Re: [PATCH] PM / EM: Inefficient OPPs detection

From: Quentin Perret
Date: Thu May 20 2021 - 08:19:56 EST


Hi Vincent,

Apologies for the late reply.

On Wednesday 28 Apr 2021 at 15:46:10 (+0100), Vincent Donnefort wrote:
> I do, it shows that the distribution is quite wide. I also have a 95% confidence
> interval, as follow:
> w/o LUT W/ LUT
>
> Mean std Mean std
>
> Phase0: 10791+/-79 2262 10657+/-71 2240 [1]
> Phase1: 2924 +/-19 529 2894 +/-16 513 [1]
> Phase2: 2207 +/-19 535 2162 +/-17 515
> Phase3: 1897 +/-18 504 1864 +/-17 515 [1]
> Phase4: Mid CPU 1700 +/-46 463 1609 +/-26 458
> Phase4: Big CPU 1187 +/-15 407 1129 +/-15 385
> Phase5: 987 +/-14 395 900 +/-12 365
>
>
> [1] I included these results originally as the p-value for the test I used
> showed we can reject confidently the null hypothesis that the 2 samples are
> coming from the same distribution... However, the confidence intervals for
> the mean overlaps.
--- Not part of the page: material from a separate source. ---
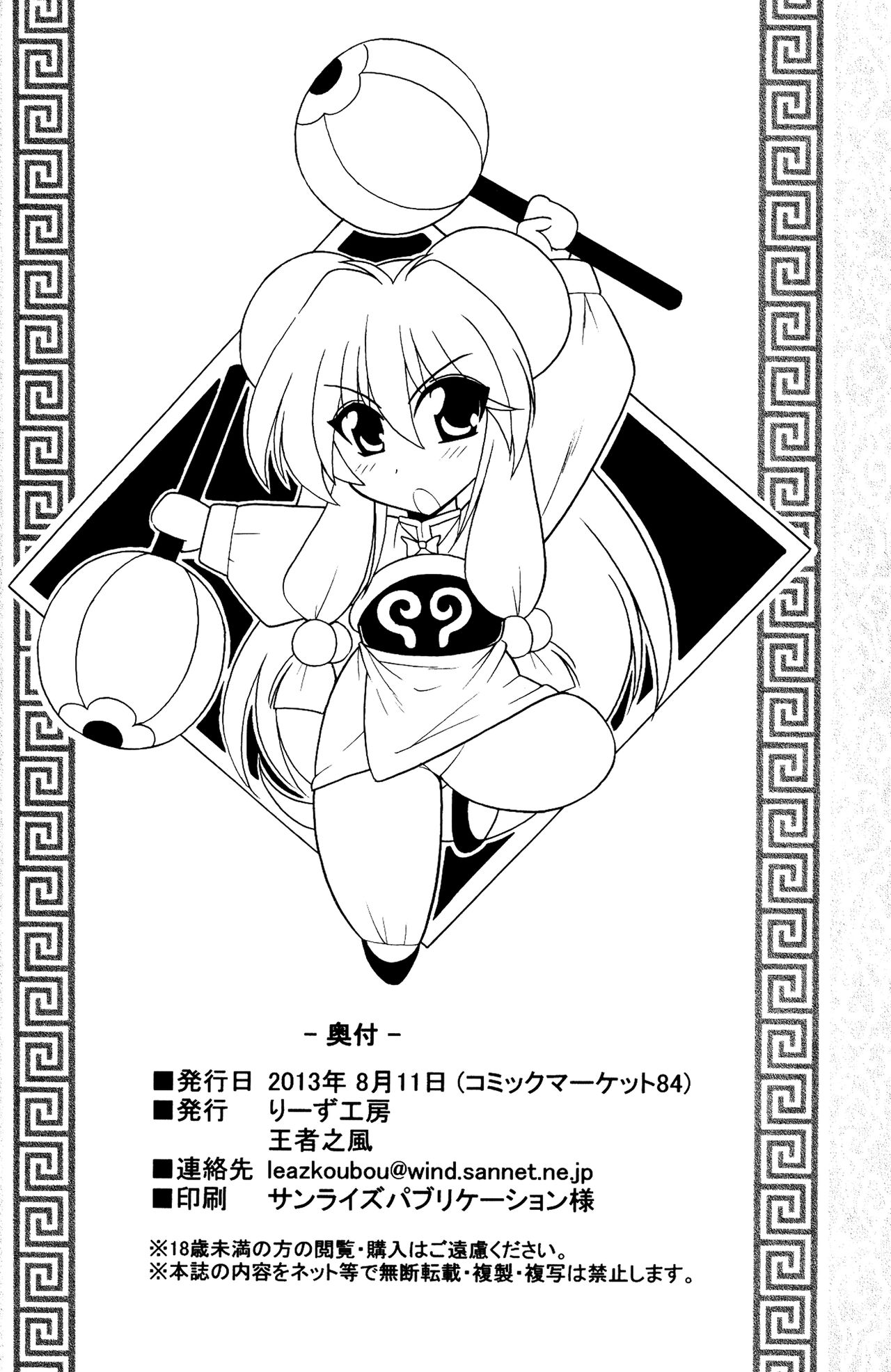 Neko Hanten Kyuukyokuteki Urasaitan - Page 21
It is then complicated to conclude for those phases.

Aha, thanks for sharing. So yes, it's not all that obvious that we need
the extra complexity of the LUT there :/. In this case I'd be inclined
to suggest a simpler version first, and we can always optimize later.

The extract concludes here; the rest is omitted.